• **BRIEF**
Nothing but the lines below from the first through the one with "Quần dài INCERUN" should appear, printed exactly; please leave pictures out.

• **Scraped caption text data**
•••••

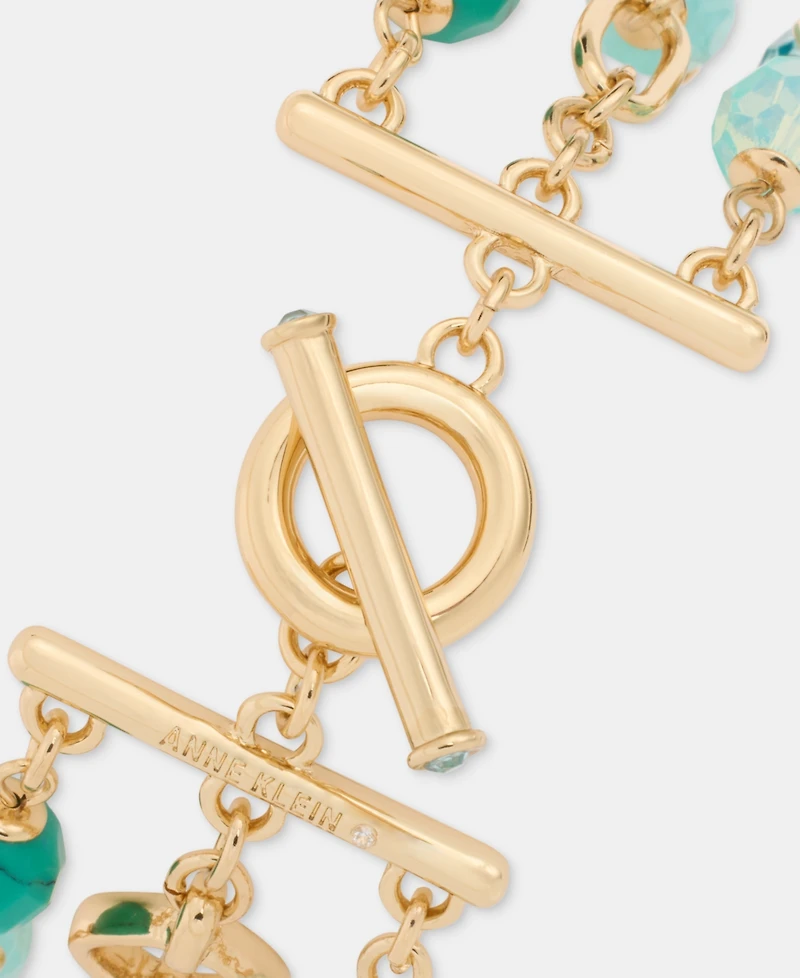Anne Klein Gold-Tone Three-Row Stone Beaded Line Bracelet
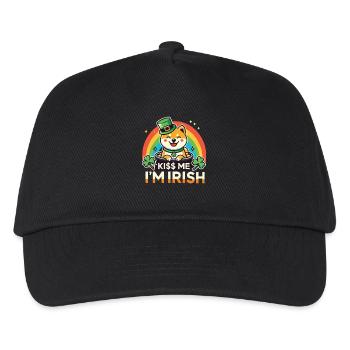 Kiss Me I'm Irish St. Patrick's Day Hund - Kinder Basecap - Schwarz - Vorne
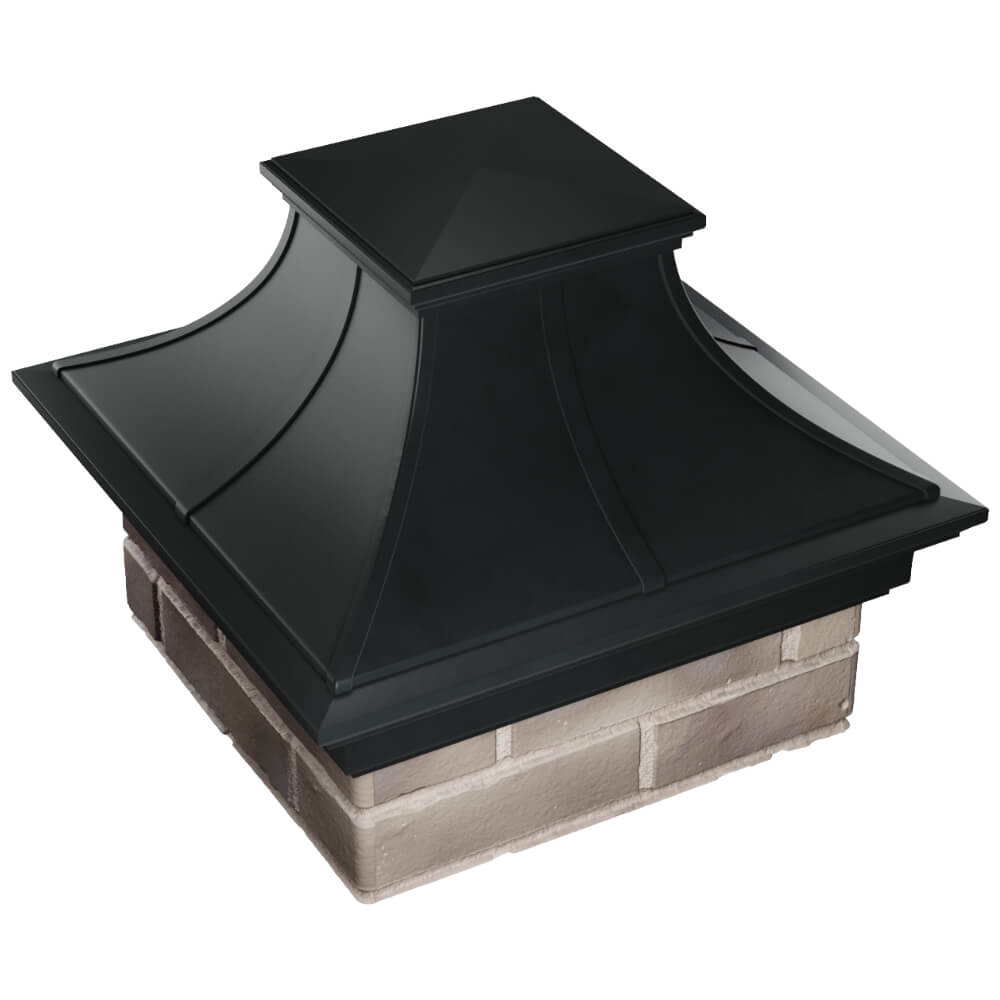 Колпак Zking Монблан Премиум Черный на столб 1.5х1.5 кирпича (385х385мм) в Иркутске фото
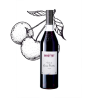 Bouteille de Crème de Cerise griotte Maison Briottet, liqueur 18% vol., 70cl, sur fond d'illustration de feuilles et de cerise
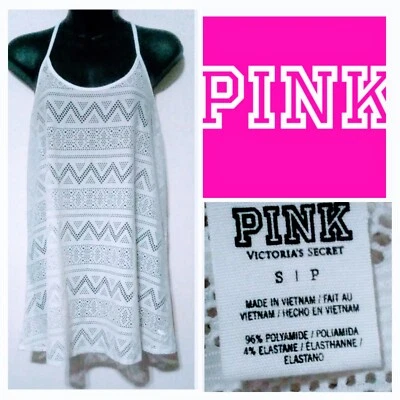 CAMISA ROSA DE VICTORIA'S SECRET Mujer Talla PEQUEÑA FUNDA DE BAÑO LENCERÍA Blanca  Foto 1 de 4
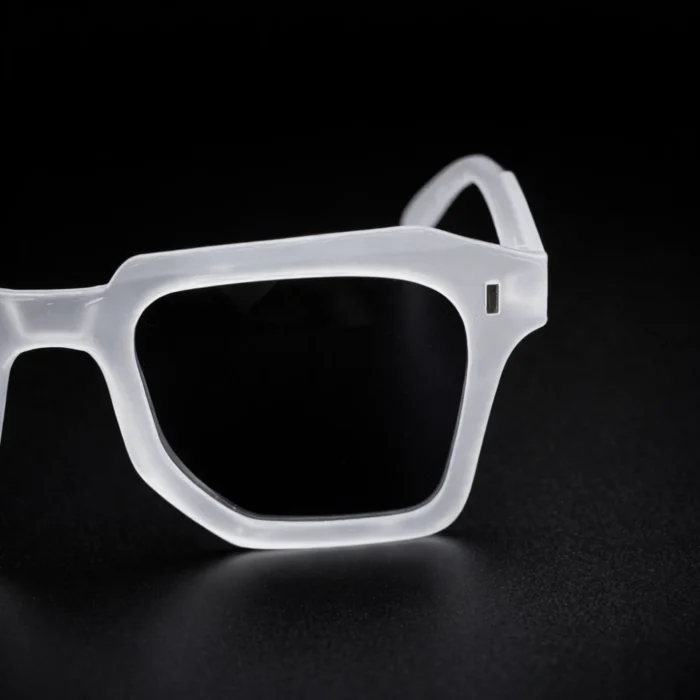 Matte clear square sunglasses perspective view with black lenses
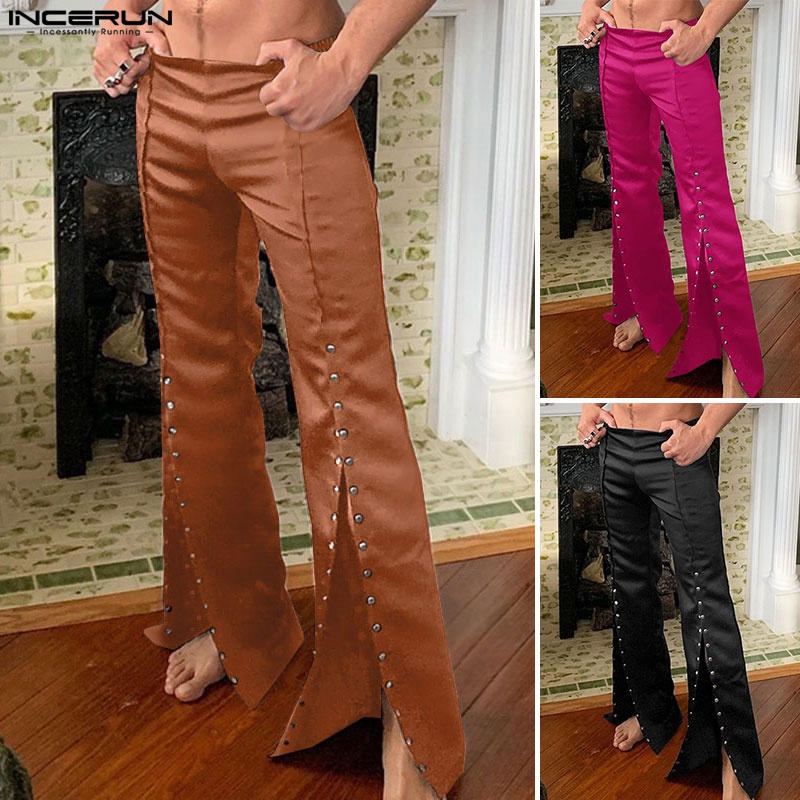 Quần dài INCERUN ống loe lưng cao phối nút thời trang dành cho nam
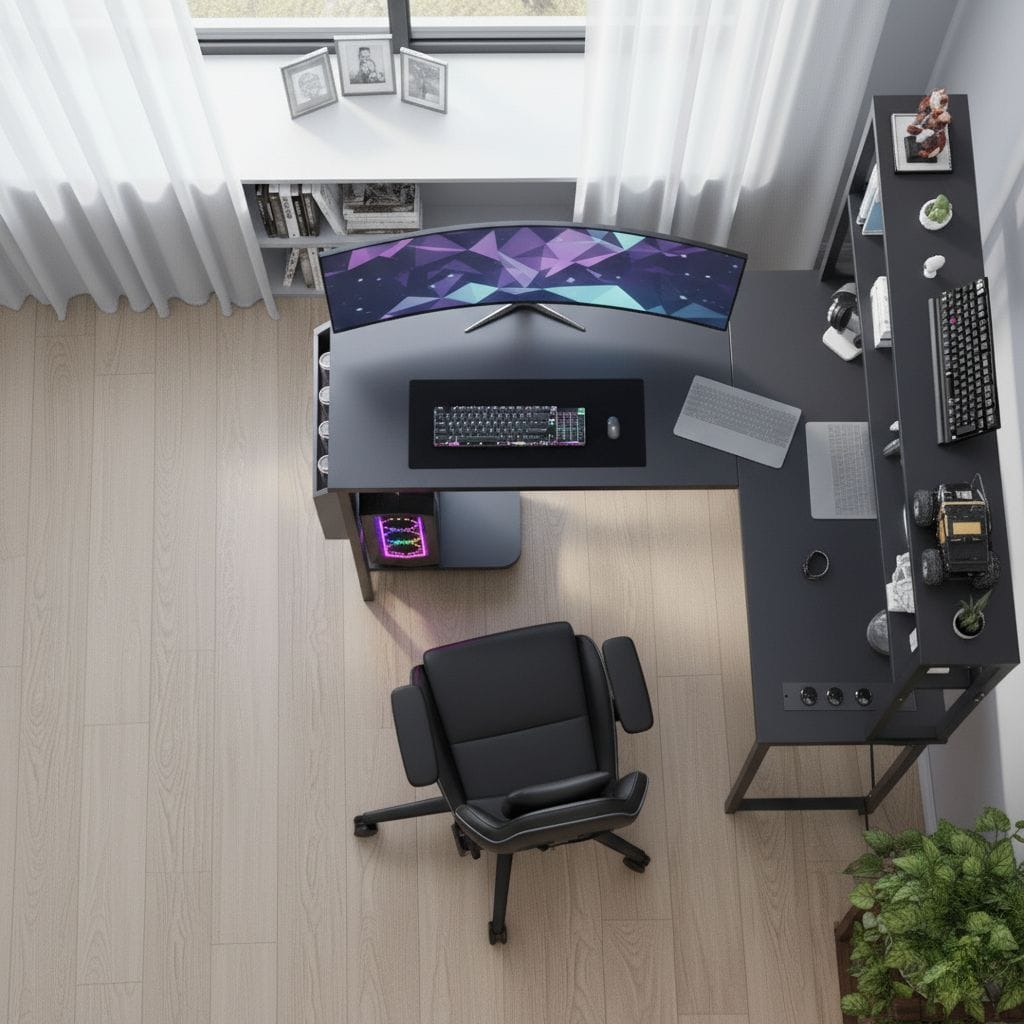 Bureau d'Angle en L 148 cm avec Éclairage LED RGB et Rangements Intégrés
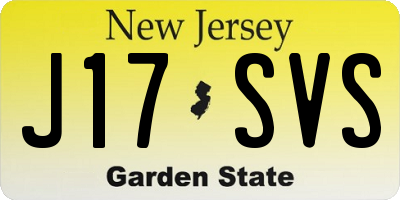 NJ license plate J17SVS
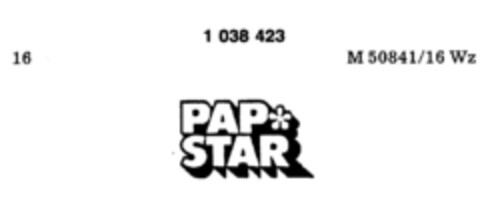 PAP STAR Logo (DPMA, 26.01.1982)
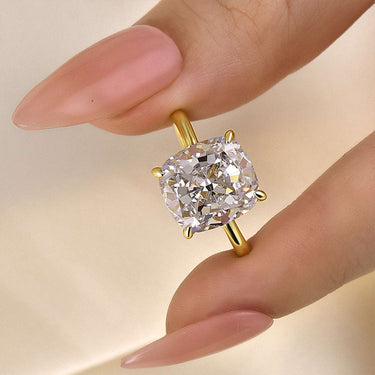 Louily Precious 6.0 CT Cushion Cut Engagement Ring In Sterling Silver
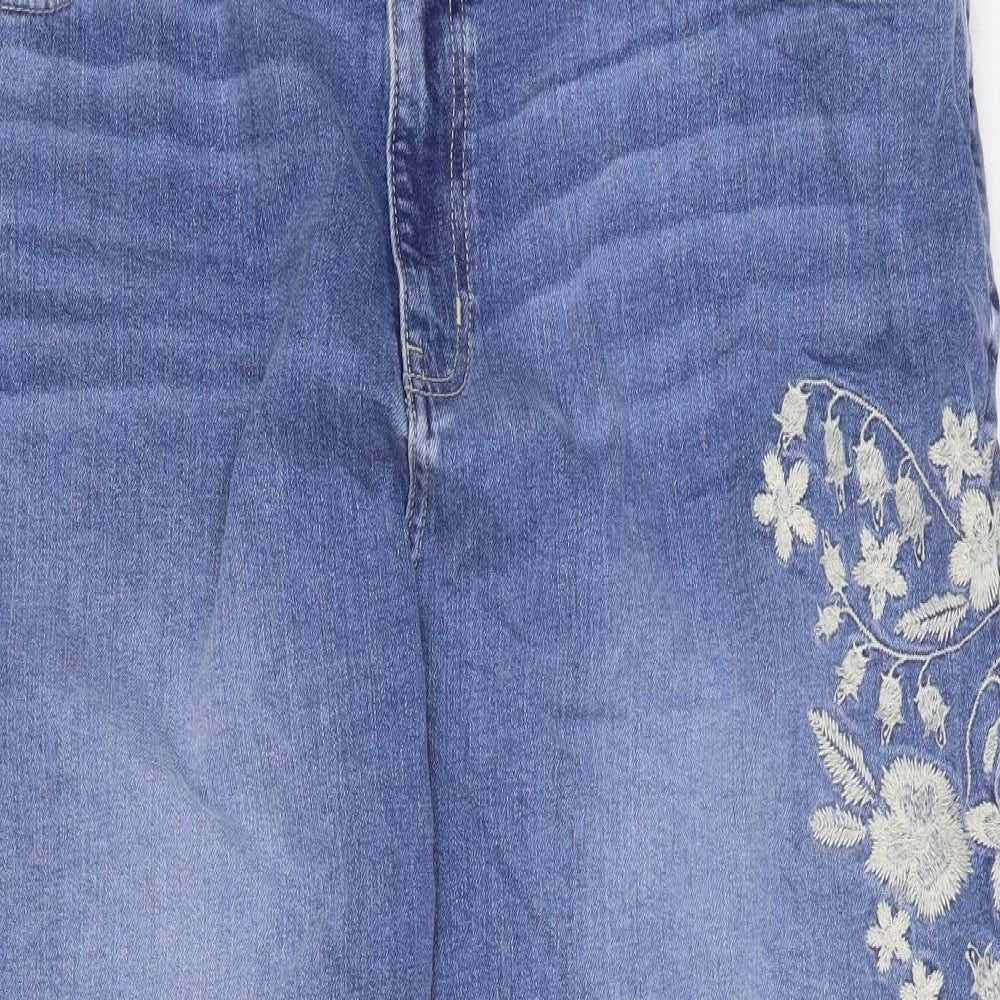 Marks and Spencer Womens Blue Floral Cotton Mom Jeans Size 24 L26 in Regular Button
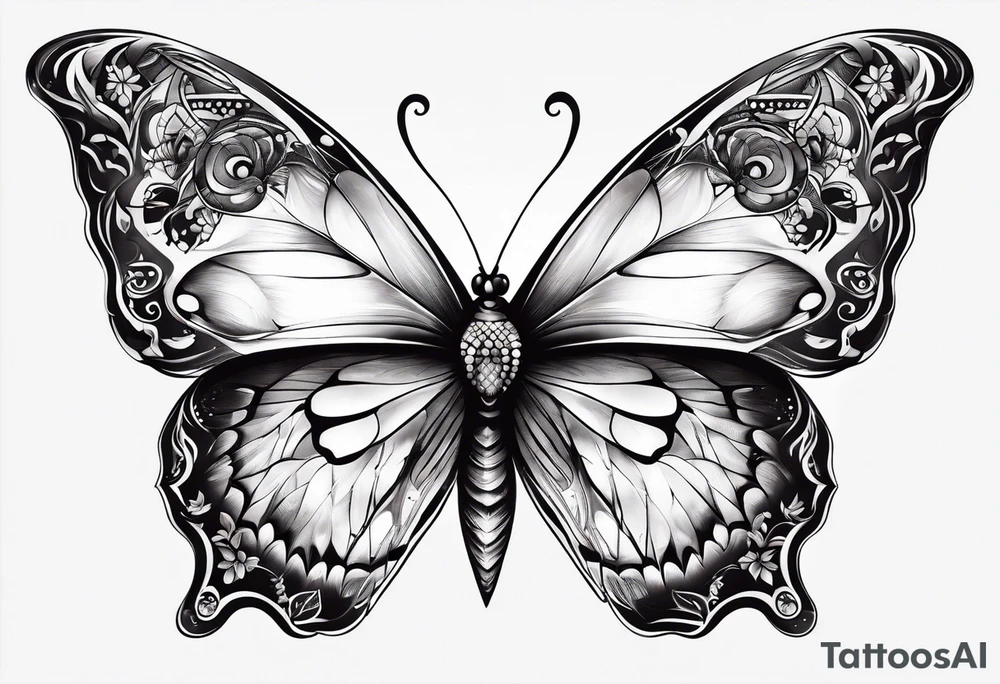 Borboleta com olho tattoo idea
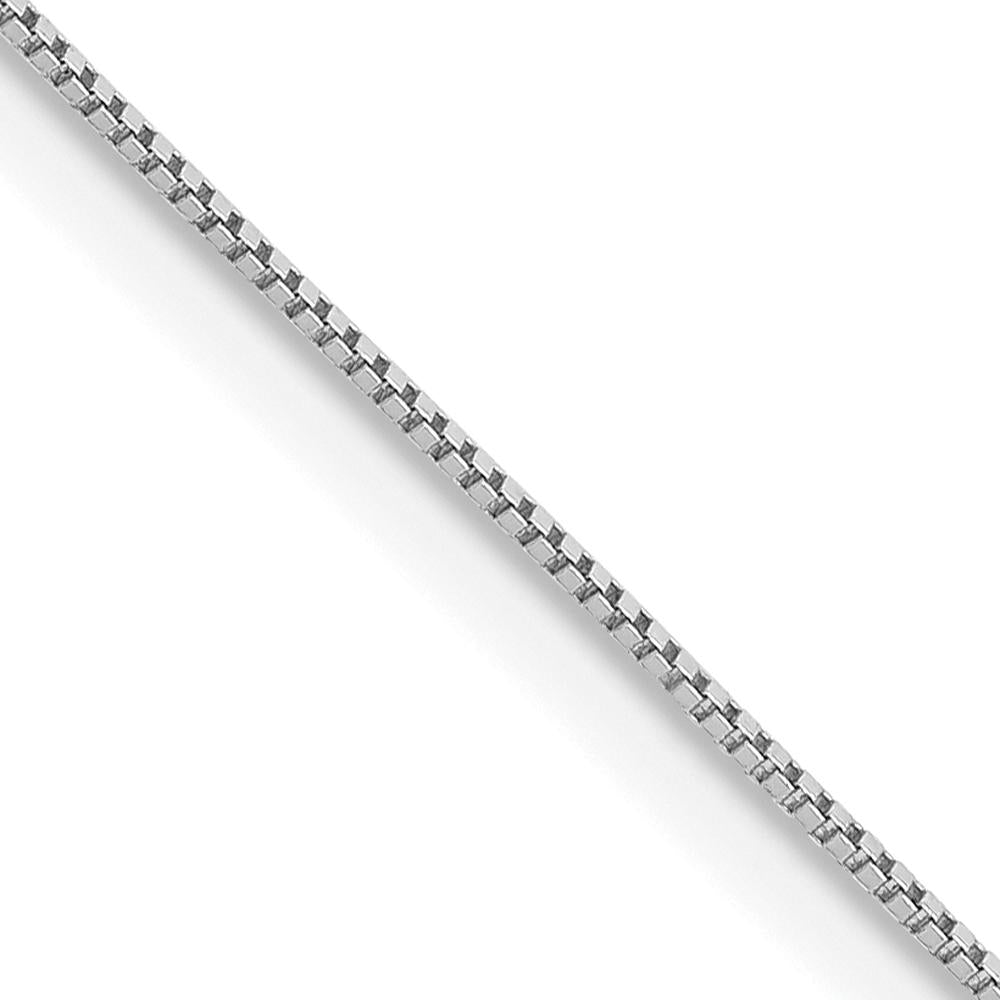 14K White Gold 24" Box Link Chain Necklace with Rhodium Plating - Polished Finish
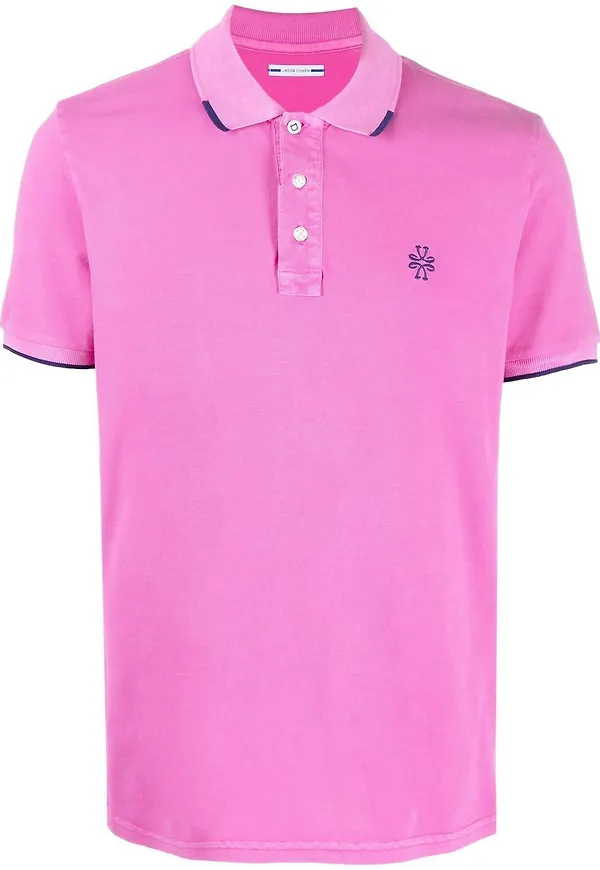 Jacob Cohën pikétröja med broderad design - Rosa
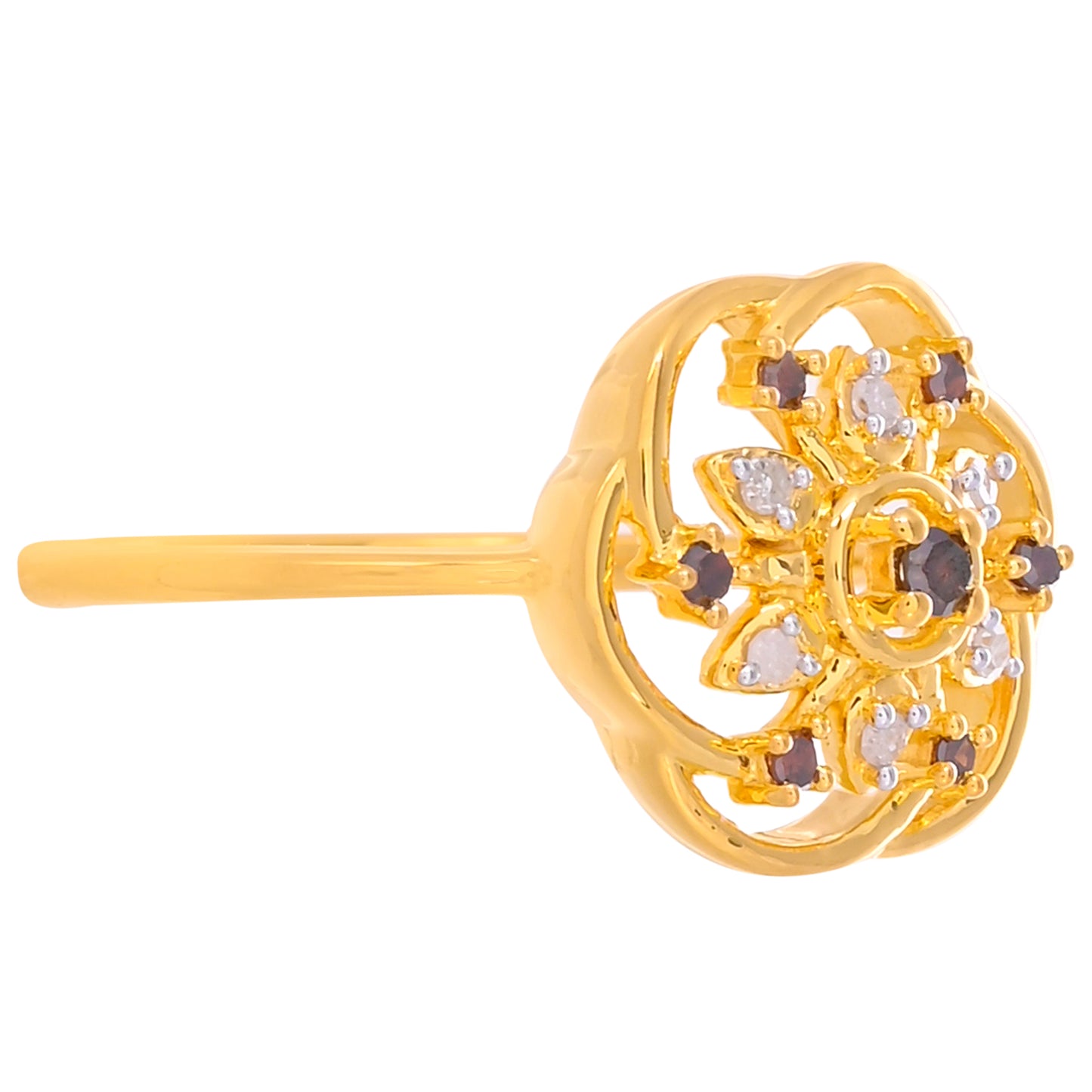 Pozlátený Strieborný Prsteň s Červeným Diamantom a Bielym Diamantom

•••••

• **THE ANSWER**
Anne Klein Gold-Tone Three-Row Stone Beaded Line Bracelet
 Kiss Me I'm Irish St. Patrick's Day Hund - Kinder Basecap - Schwarz - Vorne
 Колпак Zking Монблан Премиум Черный на столб 1.5х1.5 кирпича (385х385мм) в Иркутске фото
 Bouteille de Crème de Cerise griotte Maison Briottet, liqueur 18% vol., 70cl, sur fond d'illustration de feuilles et de cerise
 CAMISA ROSA DE VICTORIA'S SECRET Mujer Talla PEQUEÑA FUNDA DE BAÑO LENCERÍA Blanca  Foto 1 de 4
 Matte clear square sunglasses perspective view with black lenses
 Quần dài INCERUN ống loe lưng cao phối nút thời trang dành cho nam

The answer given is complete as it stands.